Pour Philippe Martinez, le secrétaire général de la CGT, « les désaccords se confirment ». A ses yeux, les amendements présentés sont encore loin du compte et n’empêcheront pas le dumping social que va générer la loi. Philippe Martinez a donc maintenu la journée d’action prévue mardi 5 juillet.
Les députés frondeurs en veulent plus
A l’Assemblée, les députés frondeurs aussi en veulent plus.
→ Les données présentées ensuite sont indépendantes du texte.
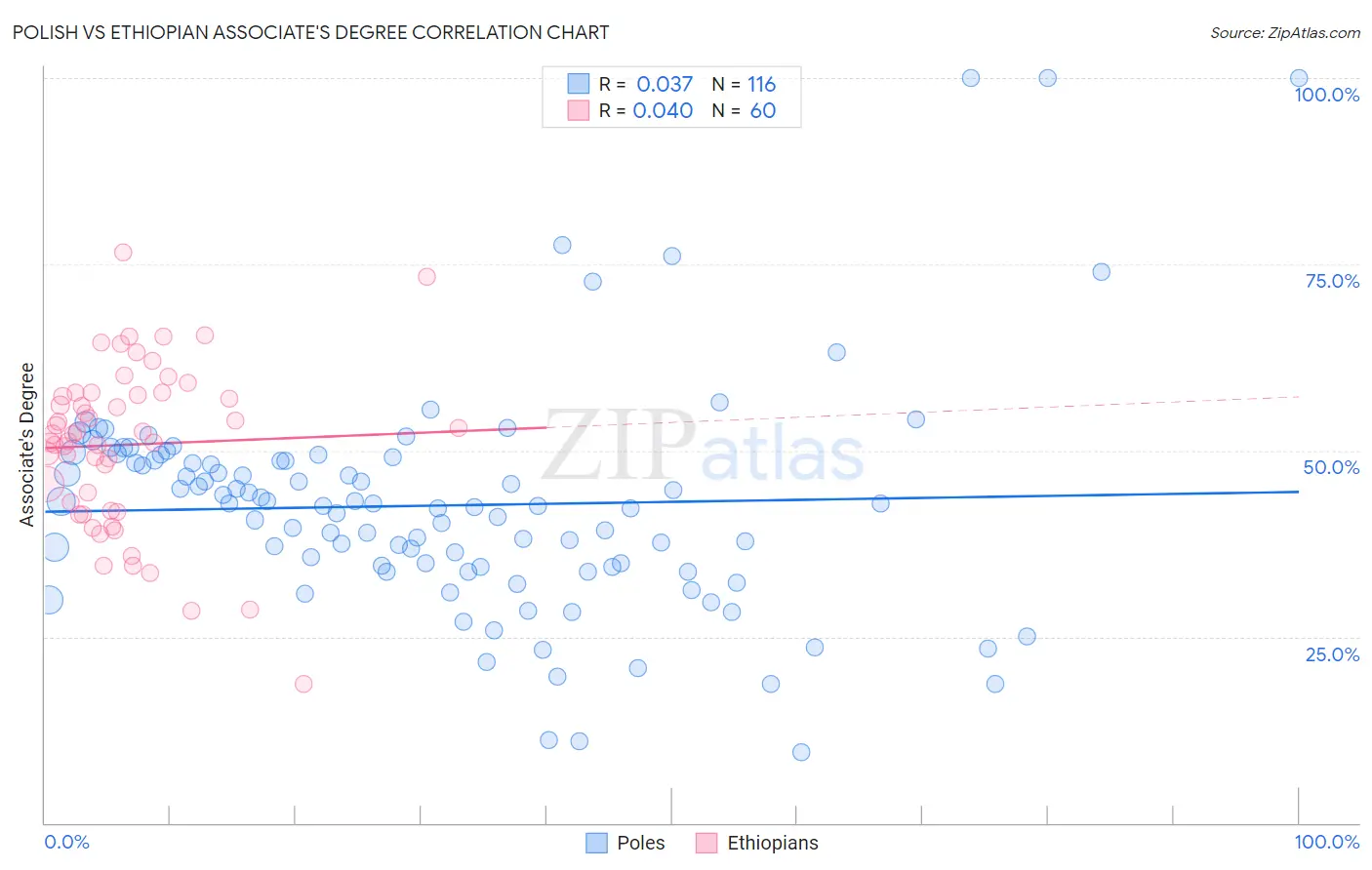 Polish vs Ethiopian Associate's Degree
Leur chef de file, Christian Paul, estime ainsi qu’« un compromis est à portée de main », à condition que le gouvernement dise « clairement qu’un accord d’entreprise ne peut porter atteinte au pouvoir d’achat des salariés ». Pour le député de Paris Pascal Cherki, la question de la rémunération des heures supplémentaires, du travail de nuit et du temps partiel pose toujours problème. « S’il y a accord d’entreprise, ça ne peut pas être moins que la branche, ça doit être plus et mieux que la branche », affirme le député frondeur.
« Je pense que si on pouvait avancer sur la question des heures supplémentaires, c’est-à-dire garantir que la gauche ne va pas voter une loi Travail qui pourrait aboutir, via les accords d’entreprise, à des baisses de rémunération pour les salariés de notre pays, je considérerais que c’est une avancée importante et on pourrait reconsidérer l’issue de la discussion parlementaire », confirme le député PS d'Indre-et-Loire Laurent Baumel.
Mais ce mercredi soir, Manuel Valls a prévenu : « nous ne reviendrons pas » sur la « prééminence » de l'accord d'entreprise dans la loi Travail.
Sortir de l'impasse serait profitable à tout le monde. Aux frondeurs, qui sont désormais occupés à préparer une candidature au sein de la primaire annoncée par le premier secrétaire du PS Jean-Christophe Cambadélis. A Manuel Valls, qui apporterait un démenti à ceux qui l'ont accusé de jusqu'au-boutisme stérile et montrerait qu'il tient compte d'une opinion majoritairement opposée à l'usage du 49-3.
Le Premier ministre se prépare quand même à toutes les options. la ministre du Travail Myriam El Khomri a été chargée de rappeler que « l'usage du 49-3 est prévu par la Constitution, [que] ce n'est donc pas un passage en force ». Au cas où, au dernier moment, le point de conciliation ne serait pas trouvé.